Counter to measure PCIe limitations

Hi,

We are using a ConnectX-5 100Gb/s
adapter with the Linux kernel driver
running a program using express data
path (XDP) on ubuntu 20. These are the
driver details printed by ethtool -i.

driver: mlx5_core
version: 5.19.0-38-generic
firmware-version: 16.34.1002 (MT_0000000011)
expansion-rom-version:
bus-info: 0000:ca:00.0
supports-statistics: yes
supports-test: yes
supports-eeprom-access: no
supports-register-dump: no
supports-priv-flags: yes

We are running some packet processing
throughput benchmarks. We’re able to use
a traffic generator (t-rex) connected
through a single cable with the CX-5
interface on the device under test
(DUT).

A simple packet-forwarding XDP program
on the DUT forwards 86 million packets
per second (Mpps) for 64 byte packets
with 14 cores. However, the true limit
on packets/sec to hit 100 Gbit/s is 148
Mpps. Our traffic generator runs on an
identical machine configuration, and
using DPDK can indeed hit this 148 mpps
limit.

We suspect that the limitation in
throughput arises from the combination
of PCIe and driver.

We came to know that the rx_discards_phy
counter printed by ethtool
indicates when there are drops from the
physical layer due to backpressure from
PCIe during receive operations on the
NIC. The problem is that this counter
increments both when the bottleneck is at
the PCIe and when we are CPU
bottlenecked (e.g. when we use a small
number of cores on our XDP device).

Is there any counter that directly
indicates a bottleneck in the PCIe (but
not CPU or some third component)?

Thanks for any help in advance,

Srinivas Narayana

Hello,

I can see that you are running the OS Inbox driver (5.19.0-38-generic) versus MLNX_OFED driver (Nvidia driver).

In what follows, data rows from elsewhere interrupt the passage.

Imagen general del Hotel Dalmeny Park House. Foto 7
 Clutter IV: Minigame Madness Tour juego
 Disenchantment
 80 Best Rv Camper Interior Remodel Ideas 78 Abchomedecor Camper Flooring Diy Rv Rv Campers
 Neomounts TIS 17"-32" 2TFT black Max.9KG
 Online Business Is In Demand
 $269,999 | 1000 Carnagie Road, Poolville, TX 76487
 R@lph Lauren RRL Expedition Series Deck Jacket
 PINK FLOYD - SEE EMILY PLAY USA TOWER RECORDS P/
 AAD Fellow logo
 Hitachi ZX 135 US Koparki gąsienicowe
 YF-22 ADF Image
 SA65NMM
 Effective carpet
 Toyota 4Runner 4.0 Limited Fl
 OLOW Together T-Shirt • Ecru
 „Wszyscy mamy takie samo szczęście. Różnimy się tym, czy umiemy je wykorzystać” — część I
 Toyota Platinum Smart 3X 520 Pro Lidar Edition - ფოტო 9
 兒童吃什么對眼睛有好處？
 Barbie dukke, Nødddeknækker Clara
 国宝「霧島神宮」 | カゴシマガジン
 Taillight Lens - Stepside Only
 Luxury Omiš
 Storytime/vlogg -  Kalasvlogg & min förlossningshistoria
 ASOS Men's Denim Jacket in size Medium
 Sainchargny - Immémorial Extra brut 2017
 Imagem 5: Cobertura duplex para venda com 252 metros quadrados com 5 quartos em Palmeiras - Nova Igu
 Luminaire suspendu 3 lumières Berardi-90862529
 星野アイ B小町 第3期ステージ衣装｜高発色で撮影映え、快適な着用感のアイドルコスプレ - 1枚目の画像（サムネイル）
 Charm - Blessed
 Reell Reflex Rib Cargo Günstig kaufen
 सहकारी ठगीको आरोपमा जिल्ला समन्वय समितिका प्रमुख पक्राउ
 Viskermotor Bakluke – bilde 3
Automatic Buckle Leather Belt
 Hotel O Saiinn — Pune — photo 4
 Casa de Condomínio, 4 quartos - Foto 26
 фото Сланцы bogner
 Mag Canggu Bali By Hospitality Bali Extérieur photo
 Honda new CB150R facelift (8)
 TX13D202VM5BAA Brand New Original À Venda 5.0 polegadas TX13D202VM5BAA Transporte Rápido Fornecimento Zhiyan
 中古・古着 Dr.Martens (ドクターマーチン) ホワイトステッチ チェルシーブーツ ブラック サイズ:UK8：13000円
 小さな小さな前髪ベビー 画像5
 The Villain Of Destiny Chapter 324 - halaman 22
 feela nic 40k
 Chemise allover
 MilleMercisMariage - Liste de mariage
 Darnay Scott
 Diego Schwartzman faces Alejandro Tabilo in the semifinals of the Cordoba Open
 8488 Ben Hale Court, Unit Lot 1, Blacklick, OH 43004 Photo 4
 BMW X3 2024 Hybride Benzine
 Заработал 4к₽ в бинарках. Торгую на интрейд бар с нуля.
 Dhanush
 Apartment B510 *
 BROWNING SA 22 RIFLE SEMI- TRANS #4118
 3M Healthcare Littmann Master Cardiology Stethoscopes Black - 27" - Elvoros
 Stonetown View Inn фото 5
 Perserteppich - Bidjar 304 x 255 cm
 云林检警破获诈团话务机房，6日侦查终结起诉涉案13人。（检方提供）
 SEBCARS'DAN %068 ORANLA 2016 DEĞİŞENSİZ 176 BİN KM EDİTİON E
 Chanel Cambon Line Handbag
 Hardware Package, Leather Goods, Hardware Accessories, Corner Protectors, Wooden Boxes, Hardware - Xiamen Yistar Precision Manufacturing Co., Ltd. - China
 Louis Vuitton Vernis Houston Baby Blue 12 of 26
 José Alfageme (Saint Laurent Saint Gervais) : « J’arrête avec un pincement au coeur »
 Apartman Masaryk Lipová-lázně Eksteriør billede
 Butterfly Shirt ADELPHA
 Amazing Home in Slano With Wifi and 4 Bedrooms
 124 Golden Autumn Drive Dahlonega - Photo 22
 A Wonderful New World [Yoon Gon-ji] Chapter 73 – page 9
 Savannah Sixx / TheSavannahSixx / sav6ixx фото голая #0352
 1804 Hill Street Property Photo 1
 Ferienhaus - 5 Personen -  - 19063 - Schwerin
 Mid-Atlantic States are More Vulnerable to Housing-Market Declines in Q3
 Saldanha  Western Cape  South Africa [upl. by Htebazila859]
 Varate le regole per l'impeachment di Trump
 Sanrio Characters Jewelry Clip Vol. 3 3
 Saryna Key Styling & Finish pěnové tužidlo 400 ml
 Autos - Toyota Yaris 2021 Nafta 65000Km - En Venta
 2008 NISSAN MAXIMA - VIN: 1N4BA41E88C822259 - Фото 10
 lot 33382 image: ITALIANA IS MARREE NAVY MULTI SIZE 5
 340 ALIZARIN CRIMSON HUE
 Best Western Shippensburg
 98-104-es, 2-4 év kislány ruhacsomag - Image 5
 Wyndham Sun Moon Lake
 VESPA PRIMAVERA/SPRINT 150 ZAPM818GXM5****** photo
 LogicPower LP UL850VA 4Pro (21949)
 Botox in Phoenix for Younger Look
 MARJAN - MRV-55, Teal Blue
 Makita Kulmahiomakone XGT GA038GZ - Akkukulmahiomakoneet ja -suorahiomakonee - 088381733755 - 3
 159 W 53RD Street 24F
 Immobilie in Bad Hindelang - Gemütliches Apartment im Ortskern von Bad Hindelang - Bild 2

I would check that the server has been properly tuned (BIOS/OS) according to our best practices.

We have various community/knowledge posts addressing tuning based on different deployments.

You can also follow some tuning recommendations (Nvidia Mellanox NICs performance) from http://core.dpdk.org/perf-reports/.

Check the maximum PCie Gen/width the HCA supports (per FW release notes) in comparison to which slot the HCA is installed.

For mlx5 port and RoCE counters, refer to the Understanding mlx5 Linux Counters Community post (ethtool -S , section physical port counters) + our MLLNX_OFED UM.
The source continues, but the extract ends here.